[[ DATA EXTRACTS, beginning ]]
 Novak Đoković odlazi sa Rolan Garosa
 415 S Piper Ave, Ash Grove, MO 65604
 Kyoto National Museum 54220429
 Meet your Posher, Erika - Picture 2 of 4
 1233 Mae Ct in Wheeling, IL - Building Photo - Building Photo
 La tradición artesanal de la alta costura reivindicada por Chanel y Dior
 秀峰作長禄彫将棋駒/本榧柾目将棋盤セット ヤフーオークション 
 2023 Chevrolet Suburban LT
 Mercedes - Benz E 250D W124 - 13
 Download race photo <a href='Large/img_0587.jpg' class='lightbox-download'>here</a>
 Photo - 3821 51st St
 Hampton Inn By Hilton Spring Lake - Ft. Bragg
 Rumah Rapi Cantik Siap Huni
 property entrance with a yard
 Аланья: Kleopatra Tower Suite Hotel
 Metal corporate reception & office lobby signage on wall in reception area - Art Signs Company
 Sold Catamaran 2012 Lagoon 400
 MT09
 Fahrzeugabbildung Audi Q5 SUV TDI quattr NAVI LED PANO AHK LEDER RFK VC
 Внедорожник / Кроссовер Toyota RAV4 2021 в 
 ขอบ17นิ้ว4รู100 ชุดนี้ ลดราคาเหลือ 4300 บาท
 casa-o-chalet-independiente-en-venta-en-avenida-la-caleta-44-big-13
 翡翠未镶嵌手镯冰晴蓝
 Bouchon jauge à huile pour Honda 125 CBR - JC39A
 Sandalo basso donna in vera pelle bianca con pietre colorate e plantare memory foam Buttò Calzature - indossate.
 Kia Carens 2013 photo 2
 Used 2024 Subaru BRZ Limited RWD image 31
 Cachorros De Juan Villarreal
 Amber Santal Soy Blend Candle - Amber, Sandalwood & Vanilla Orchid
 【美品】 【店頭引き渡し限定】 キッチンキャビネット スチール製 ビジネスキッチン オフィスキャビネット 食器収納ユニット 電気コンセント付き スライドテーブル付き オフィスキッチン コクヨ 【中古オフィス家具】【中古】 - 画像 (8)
[[ DATA EXTRACTS, end ]]
Copy every record above exactly as it appears.

 Novak Đoković odlazi sa Rolan Garosa
 415 S Piper Ave, Ash Grove, MO 65604
 Kyoto National Museum 54220429
 Meet your Posher, Erika - Picture 2 of 4
 1233 Mae Ct in Wheeling, IL - Building Photo - Building Photo
 La tradición artesanal de la alta costura reivindicada por Chanel y Dior
 秀峰作長禄彫将棋駒/本榧柾目将棋盤セット ヤフーオークション 
 2023 Chevrolet Suburban LT
 Mercedes - Benz E 250D W124 - 13
 Download race photo <a href='Large/img_0587.jpg' class='lightbox-download'>here</a>
 Photo - 3821 51st St
 Hampton Inn By Hilton Spring Lake - Ft. Bragg
 Rumah Rapi Cantik Siap Huni
 property entrance with a yard
 Аланья: Kleopatra Tower Suite Hotel
 Metal corporate reception & office lobby signage on wall in reception area - Art Signs Company
 Sold Catamaran 2012 Lagoon 400
 MT09
 Fahrzeugabbildung Audi Q5 SUV TDI quattr NAVI LED PANO AHK LEDER RFK VC
 Внедорожник / Кроссовер Toyota RAV4 2021 в 
 ขอบ17นิ้ว4รู100 ชุดนี้ ลดราคาเหลือ 4300 บาท
 casa-o-chalet-independiente-en-venta-en-avenida-la-caleta-44-big-13
 翡翠未镶嵌手镯冰晴蓝
 Bouchon jauge à huile pour Honda 125 CBR - JC39A
 Sandalo basso donna in vera pelle bianca con pietre colorate e plantare memory foam Buttò Calzature - indossate.
 Kia Carens 2013 photo 2
 Used 2024 Subaru BRZ Limited RWD image 31
 Cachorros De Juan Villarreal
 Amber Santal Soy Blend Candle - Amber, Sandalwood & Vanilla Orchid
 【美品】 【店頭引き渡し限定】 キッチンキャビネット スチール製 ビジネスキッチン オフィスキャビネット 食器収納ユニット 電気コンセント付き スライドテーブル付き オフィスキッチン コクヨ 【中古オフィス家具】【中古】 - 画像 (8)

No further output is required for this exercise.